◆ **Task description**:
Please work out how many lines in the records below include the word "TCCAA", and reply with that number only.

═════ Input records ═════

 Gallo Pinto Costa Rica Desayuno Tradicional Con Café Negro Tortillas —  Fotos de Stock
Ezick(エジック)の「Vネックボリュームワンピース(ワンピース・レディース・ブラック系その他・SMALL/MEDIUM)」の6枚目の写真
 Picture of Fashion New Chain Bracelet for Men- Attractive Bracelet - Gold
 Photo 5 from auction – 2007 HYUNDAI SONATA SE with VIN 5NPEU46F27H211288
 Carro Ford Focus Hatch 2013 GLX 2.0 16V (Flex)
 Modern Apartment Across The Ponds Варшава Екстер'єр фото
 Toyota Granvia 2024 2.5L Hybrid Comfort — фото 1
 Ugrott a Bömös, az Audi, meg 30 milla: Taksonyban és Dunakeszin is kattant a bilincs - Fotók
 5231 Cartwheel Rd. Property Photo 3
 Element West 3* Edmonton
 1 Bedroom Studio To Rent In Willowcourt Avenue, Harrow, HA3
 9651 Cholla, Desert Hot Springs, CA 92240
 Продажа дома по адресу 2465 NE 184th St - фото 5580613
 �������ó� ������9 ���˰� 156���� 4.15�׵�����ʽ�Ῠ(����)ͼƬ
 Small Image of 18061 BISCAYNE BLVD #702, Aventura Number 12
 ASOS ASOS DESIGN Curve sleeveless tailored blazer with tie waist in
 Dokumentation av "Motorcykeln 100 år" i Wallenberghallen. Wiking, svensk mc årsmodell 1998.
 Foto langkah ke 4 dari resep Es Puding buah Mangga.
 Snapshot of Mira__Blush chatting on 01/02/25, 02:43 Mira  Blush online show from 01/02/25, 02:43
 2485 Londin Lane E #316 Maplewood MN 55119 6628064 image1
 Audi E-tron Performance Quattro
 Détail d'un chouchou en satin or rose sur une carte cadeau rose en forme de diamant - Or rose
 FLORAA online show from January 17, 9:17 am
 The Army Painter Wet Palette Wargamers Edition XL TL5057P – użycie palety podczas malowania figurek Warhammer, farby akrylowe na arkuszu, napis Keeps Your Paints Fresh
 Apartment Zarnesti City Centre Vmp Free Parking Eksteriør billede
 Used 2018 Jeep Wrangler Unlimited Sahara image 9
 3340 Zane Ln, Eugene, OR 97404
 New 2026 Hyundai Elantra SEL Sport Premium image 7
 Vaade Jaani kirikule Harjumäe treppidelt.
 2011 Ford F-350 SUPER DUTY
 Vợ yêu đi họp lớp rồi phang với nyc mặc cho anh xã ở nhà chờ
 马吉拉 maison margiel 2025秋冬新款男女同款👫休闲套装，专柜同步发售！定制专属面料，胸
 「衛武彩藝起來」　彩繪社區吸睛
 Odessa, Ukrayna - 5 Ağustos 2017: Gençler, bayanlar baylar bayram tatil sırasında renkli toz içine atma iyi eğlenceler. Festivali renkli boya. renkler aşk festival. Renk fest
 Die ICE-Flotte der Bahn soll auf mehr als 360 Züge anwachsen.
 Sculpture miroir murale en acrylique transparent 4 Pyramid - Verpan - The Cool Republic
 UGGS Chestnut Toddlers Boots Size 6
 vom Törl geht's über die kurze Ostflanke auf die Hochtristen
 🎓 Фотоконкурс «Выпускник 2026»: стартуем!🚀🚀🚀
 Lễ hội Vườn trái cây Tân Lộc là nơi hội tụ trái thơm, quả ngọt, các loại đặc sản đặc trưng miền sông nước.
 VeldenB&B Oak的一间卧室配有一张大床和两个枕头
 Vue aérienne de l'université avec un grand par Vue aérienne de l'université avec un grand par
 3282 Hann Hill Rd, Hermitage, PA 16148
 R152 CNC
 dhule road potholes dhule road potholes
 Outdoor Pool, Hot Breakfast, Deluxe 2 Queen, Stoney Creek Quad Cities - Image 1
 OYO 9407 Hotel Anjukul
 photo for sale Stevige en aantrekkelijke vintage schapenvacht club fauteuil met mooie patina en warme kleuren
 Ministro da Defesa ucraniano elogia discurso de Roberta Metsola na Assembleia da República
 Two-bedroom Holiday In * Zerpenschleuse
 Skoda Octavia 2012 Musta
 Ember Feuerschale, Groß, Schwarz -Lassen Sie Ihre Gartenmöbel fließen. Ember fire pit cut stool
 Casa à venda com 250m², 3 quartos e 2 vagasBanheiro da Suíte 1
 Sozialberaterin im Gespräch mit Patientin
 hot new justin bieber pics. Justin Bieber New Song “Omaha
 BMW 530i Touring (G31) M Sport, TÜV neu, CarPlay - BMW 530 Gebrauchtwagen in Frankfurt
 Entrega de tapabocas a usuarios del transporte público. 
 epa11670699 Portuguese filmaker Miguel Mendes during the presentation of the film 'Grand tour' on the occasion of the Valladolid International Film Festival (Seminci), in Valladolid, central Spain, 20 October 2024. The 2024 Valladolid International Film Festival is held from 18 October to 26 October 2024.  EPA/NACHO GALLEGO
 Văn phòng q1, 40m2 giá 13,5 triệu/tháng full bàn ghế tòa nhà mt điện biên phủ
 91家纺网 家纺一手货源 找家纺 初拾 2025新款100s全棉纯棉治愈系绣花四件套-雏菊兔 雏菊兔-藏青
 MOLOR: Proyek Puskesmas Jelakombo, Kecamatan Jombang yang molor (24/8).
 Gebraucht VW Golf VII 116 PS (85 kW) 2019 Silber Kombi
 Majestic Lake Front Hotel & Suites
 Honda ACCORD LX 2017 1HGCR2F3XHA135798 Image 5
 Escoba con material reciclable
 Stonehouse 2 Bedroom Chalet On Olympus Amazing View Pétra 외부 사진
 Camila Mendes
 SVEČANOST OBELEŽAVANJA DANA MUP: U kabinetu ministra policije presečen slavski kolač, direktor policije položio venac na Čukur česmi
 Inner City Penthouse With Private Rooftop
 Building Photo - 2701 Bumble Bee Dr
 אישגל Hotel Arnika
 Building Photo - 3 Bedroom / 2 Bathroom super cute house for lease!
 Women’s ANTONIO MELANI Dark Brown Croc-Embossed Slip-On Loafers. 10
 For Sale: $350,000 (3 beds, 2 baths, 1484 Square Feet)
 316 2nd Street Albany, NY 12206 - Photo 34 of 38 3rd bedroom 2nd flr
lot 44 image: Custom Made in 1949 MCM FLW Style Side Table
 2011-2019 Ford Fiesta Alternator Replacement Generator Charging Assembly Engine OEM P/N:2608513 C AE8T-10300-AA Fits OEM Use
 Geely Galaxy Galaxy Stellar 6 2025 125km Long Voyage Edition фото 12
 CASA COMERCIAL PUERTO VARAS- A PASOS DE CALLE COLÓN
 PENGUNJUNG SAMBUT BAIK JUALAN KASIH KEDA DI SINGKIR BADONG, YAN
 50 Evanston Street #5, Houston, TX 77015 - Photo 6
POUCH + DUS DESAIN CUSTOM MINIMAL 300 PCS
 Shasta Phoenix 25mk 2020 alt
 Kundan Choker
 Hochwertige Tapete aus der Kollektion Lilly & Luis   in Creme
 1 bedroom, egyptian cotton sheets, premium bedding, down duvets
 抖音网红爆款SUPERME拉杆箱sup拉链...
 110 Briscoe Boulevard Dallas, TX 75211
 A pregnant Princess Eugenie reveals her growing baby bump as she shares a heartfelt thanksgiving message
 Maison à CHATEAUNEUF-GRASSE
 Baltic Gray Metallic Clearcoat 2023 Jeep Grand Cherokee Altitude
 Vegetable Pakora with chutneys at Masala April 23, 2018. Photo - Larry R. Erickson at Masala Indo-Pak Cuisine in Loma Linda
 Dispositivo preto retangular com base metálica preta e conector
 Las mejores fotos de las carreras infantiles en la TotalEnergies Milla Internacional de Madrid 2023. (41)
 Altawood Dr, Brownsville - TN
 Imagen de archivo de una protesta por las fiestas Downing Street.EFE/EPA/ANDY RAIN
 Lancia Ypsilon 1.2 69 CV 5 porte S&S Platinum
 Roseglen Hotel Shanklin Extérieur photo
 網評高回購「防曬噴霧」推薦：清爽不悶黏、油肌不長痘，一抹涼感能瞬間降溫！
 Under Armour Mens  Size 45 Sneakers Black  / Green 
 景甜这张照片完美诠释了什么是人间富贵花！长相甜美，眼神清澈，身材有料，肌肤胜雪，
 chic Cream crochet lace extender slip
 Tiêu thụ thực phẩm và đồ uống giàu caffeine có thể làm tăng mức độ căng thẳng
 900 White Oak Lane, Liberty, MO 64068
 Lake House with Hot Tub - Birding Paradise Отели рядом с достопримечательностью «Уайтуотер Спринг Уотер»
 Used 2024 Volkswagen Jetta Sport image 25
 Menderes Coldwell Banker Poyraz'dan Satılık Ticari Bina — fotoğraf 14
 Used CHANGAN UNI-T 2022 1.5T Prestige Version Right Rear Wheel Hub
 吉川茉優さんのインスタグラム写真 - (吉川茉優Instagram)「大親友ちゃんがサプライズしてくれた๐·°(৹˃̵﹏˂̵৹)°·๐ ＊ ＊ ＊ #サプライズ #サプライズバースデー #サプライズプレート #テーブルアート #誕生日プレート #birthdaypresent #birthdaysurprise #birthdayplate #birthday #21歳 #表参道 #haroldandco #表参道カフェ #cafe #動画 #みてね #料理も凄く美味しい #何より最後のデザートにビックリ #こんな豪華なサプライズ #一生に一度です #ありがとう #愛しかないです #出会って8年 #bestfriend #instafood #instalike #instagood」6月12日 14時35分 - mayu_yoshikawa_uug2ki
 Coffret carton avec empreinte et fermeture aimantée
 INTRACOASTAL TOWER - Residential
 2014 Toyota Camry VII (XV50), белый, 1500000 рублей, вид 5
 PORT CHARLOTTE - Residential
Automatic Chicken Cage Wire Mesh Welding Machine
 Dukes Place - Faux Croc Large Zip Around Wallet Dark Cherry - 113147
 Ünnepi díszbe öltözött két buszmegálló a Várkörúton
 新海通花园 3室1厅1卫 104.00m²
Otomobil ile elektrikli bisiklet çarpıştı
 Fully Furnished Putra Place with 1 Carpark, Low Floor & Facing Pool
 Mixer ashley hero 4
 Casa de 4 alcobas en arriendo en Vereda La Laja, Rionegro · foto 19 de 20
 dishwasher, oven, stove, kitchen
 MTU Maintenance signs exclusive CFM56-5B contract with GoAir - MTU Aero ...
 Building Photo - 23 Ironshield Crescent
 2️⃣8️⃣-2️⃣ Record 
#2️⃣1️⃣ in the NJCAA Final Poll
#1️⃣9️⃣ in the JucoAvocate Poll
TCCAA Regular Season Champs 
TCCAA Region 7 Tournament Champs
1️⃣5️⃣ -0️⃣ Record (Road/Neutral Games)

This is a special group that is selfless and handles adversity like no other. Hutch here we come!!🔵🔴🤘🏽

═════

◆ **Result of this task**:
2